“Com uma diáspora tão grande, uma influência negra nas suas artes, que vai do fado a outras artes, que faz parte da entidade nacional do país, parece-nos muito evidente que há aqui uma falha e um racismo que continua em curso”, disse Raquel Lima, poeta, performer e arte educadora.

E adiantou: “Em disciplinas que vão da dança, teatro ou das artes performativas ou audiovisuais preocupa-nos muito a questão de quem controla os lugares de decisão”.

Para contribuir para a mudança, a UNA organiza hoje e domingo, em colaboração com o Espaço Alkantara, em Lisboa, um ciclo de formações para a construção de um espaço ritualístico – o Terreiro - que pretende “promover a interação, o diálogo e a partilha de conhecimentos, fortalecendo os laços na comunidade artística negra em Portugal e profissionais antirracistas do setor cultural português, através de formações e conversas”.

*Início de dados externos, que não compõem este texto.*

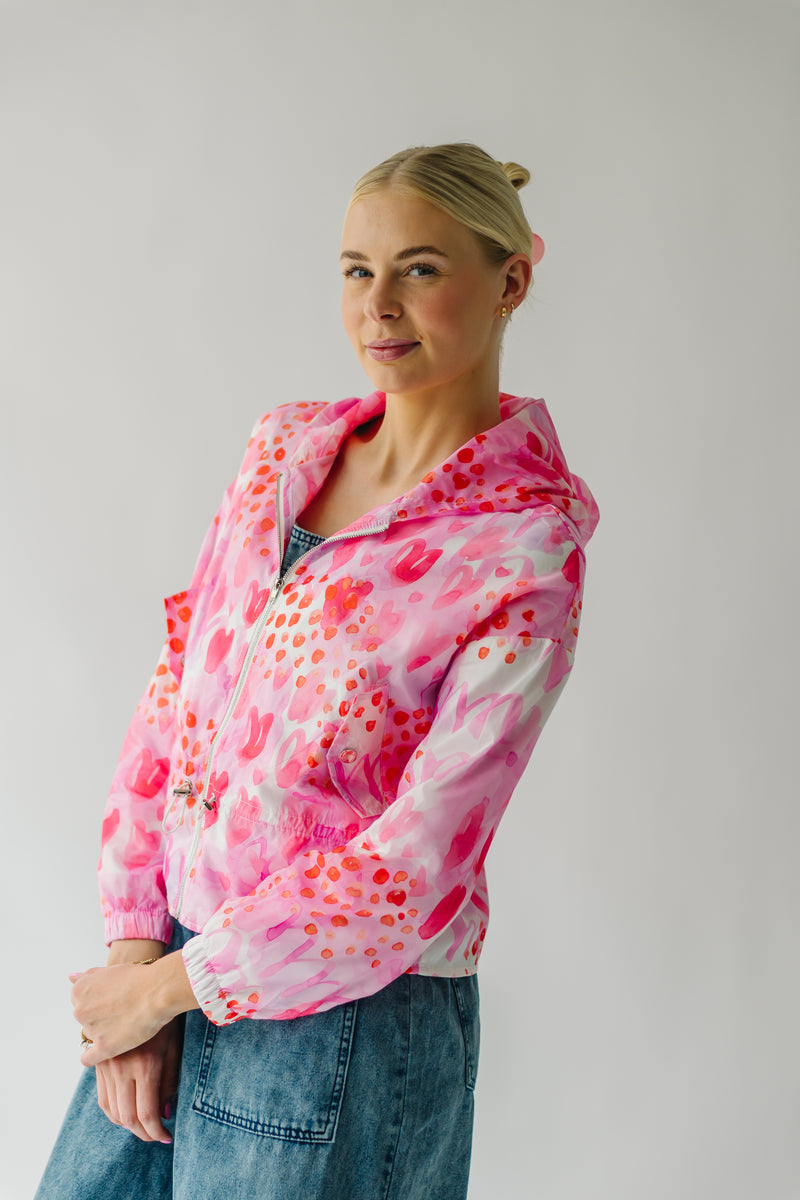 The Elmore Patterned Zip-Up Jacket in Pink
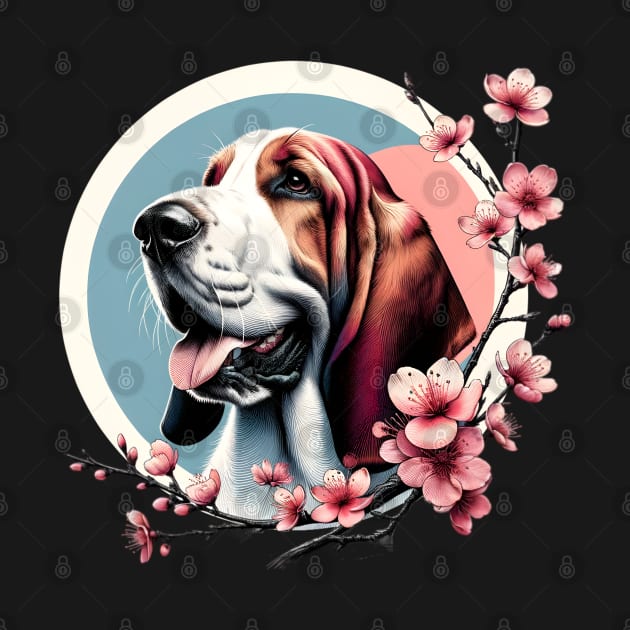 Joyful Grand Basset Griffon Vendeen with Spring Cherry Blossoms by ArtRUs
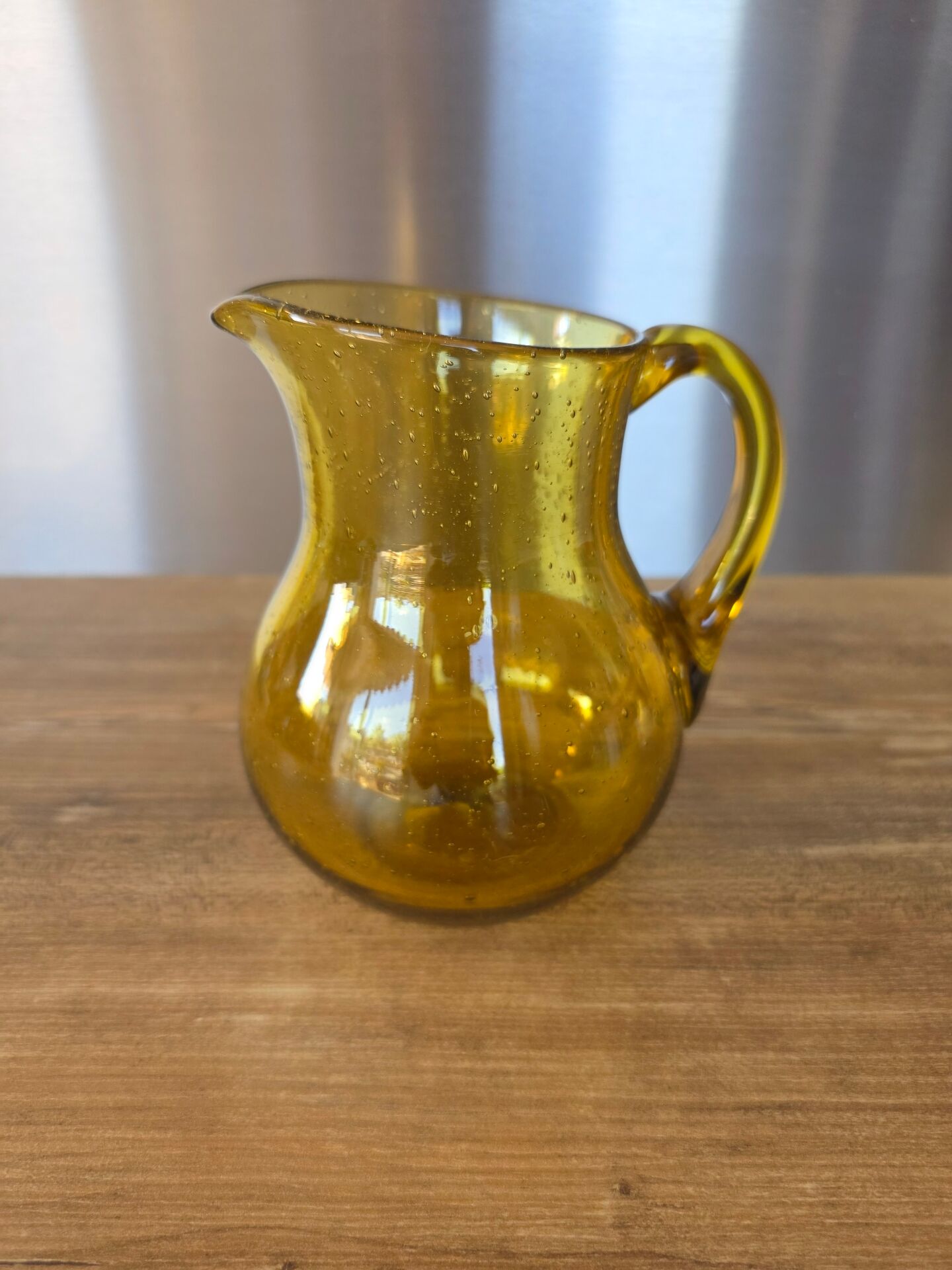 Jug / Glass Bullied Pitcher Biot Yellow Amber Honey Signed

Para Raquel Lima, o racismo no setor das artes “tem a ver com poder”.

“Há muito poucas pessoas negras a fazer programação cultural, a fazer curadoria, a fazer encenação ou direção artística”, observou.

E recordou que a associação cultural UNA nasceu precisamente num “contexto antirracista” e “após observar uma série de assimetrias, não só em relação à atribuição do financiamento público para as artes”, mas também perante “uma certa valorização de narrativas que não contemplavam a experiência e as referências associadas às culturas negras”.

Apesar das perceções de quem vivencia estas situações, “é muito difícil fazer uma monitorização do racismo no setor artístico, porque não há dados étnico raciais” que ajudem a fundamentar essas observações.

Esse levantamento acaba por ser feito através da partilha de situações e das denúncias que chegam à UNA, como a recente censura da obra dos artistas brasileiros Dori Nigro e Paulo Pinto, cuja obra “Adoçar a Alma para o Inferno III", com alusões ao passado esclavagista do conde de Ferreira, foi censurada na Bienal de Fotografia do Porto.

Para colmatar a ausência de dados, a UNA está a promover um “automapeamento”, que permitirá perceber o papel e a presença da negritude na cultura em Portugal.

Ana Tica, produtora, agente cultural e membro da UNA, disse à Lusa que este projeto é muito “agregador”.

“Numa primeira fase, avançou, estão a ser recolhidos dados para criar uma montra com informação sobre artistas, profissionais negros das artes em Portugal”.

“Quem somos e o que fazemos” é a pergunta a que esta recolha de informações deverá dar resposta.

E prosseguiu: “Queremos ter dados que sustentem esta perceção que nós vivemos, mas que não deixa de ser uma perceção, porque não houve autorização para a recolha de dados étnico-raciais em Portugal e, a nível setorial, ainda não é possível comprovar situações que vamos sentindo no dia-a-dia e que partilhamos entre nós”.

A associação consulta ainda arquivos de história contemporânea e currículos escolares do ensino básico, nos quais identifica “uma grande ausência de referências de docentes das comunidades negras”, disse Raquel Lima.

“No fundo, tem a ver com continuidades históricas do colonialismo, uma construção da pessoa negra como inferior, profissional ou pouco capaz de criar. Há uma infantilização generalizada, que tem a ver com o negacionismo geral que o próprio país tem em relação à sua história colonial”, afirmou.

Raquel Lima identificou alguns avanços, como no discurso do Presidente da República, Marcelo Rebelo de Sousa, que atualmente reconhece massacres, o colonialismo e a escravatura, quando no passado chegou a dizer que o colonialismo até facilitou e até foi suave.

Ainda assim, e após passar a estar no discurso político, a mudança precisa de passar para as ações, disse.

Na opinião desta artista, uma das medidas reparadoras poderia passar pela criação de bolsas especiais para artistas emergentes das comunidades negras.